Dataset excerpt -
※ ※ ※

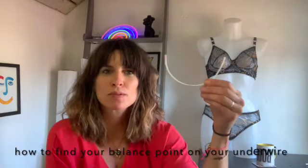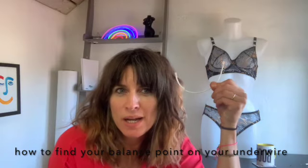Good morning. Today we are going to talk about how to find your balance point on your underwire and why you need to find it. There are a couple of reasons why you need to find it. If you are just first starting out with lingerie design and not too sure on wires whether you pick one up and is it a balconette, is it an everyday wire, is it a plunge?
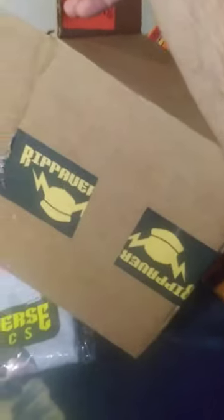Hey guys, it's me, Chuck Jose, and if you can already tell by my excited mood, guess what arrived in the mail this morning? The Rip-a-verse is finally here! Hail the Rip-a-verse! Look what I got!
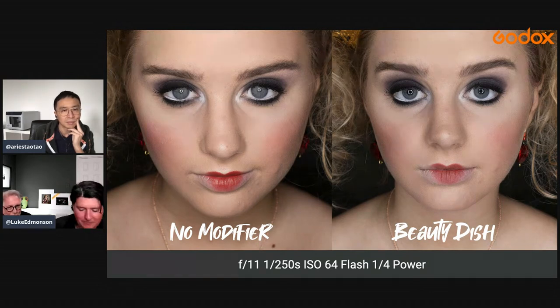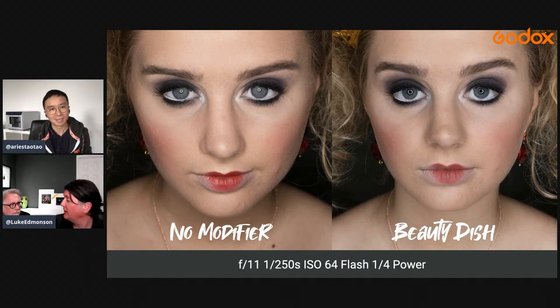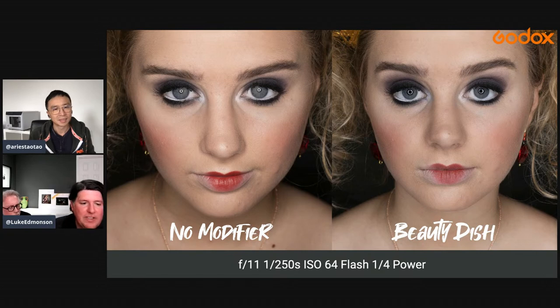This was shot at F11, 1/250th of a second, ISO 64, flash at a quarter power — and again, it's a 1200-watt power pack. We were showing what the different modifiers look like, so we were doing very even lighting just to show the effect of the modifier — probably not how we would light for mood or drama. But if the application called for it, we would absolutely light like this if a client needed it.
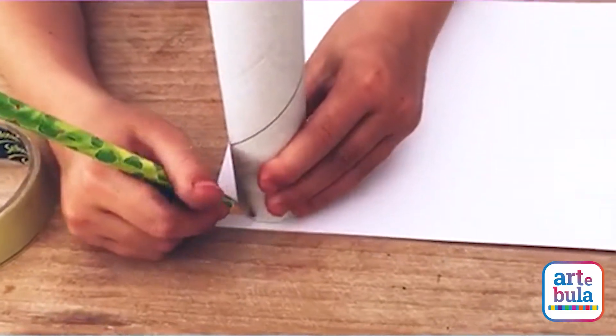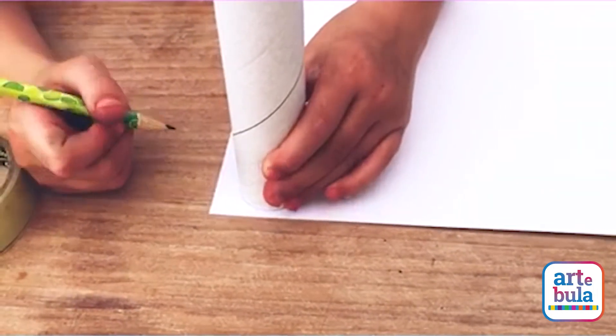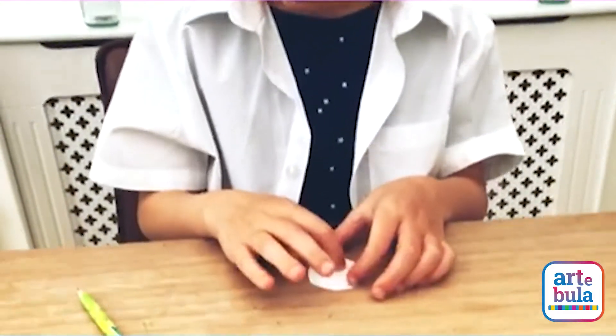Next up you're going to draw a circle around your tube and then cut it out. After you cut your circle out you're going to draw a rectangle in the middle.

※ ※ ※

Exercise objective -
Exact repetition is the task: every line from the start of the data to the line with "Hey guys, it's", inclusive, and none after it, pictures omitted.

Your response -
Good morning. Today we are going to talk about how to find your balance point on your underwire and why you need to find it. There are a couple of reasons why you need to find it. If you are just first starting out with lingerie design and not too sure on wires whether you pick one up and is it a balconette, is it an everyday wire, is it a plunge?
Hey guys, it's me, Chuck Jose, and if you can already tell by my excited mood, guess what arrived in the mail this morning? The Rip-a-verse is finally here! Hail the Rip-a-verse! Look what I got!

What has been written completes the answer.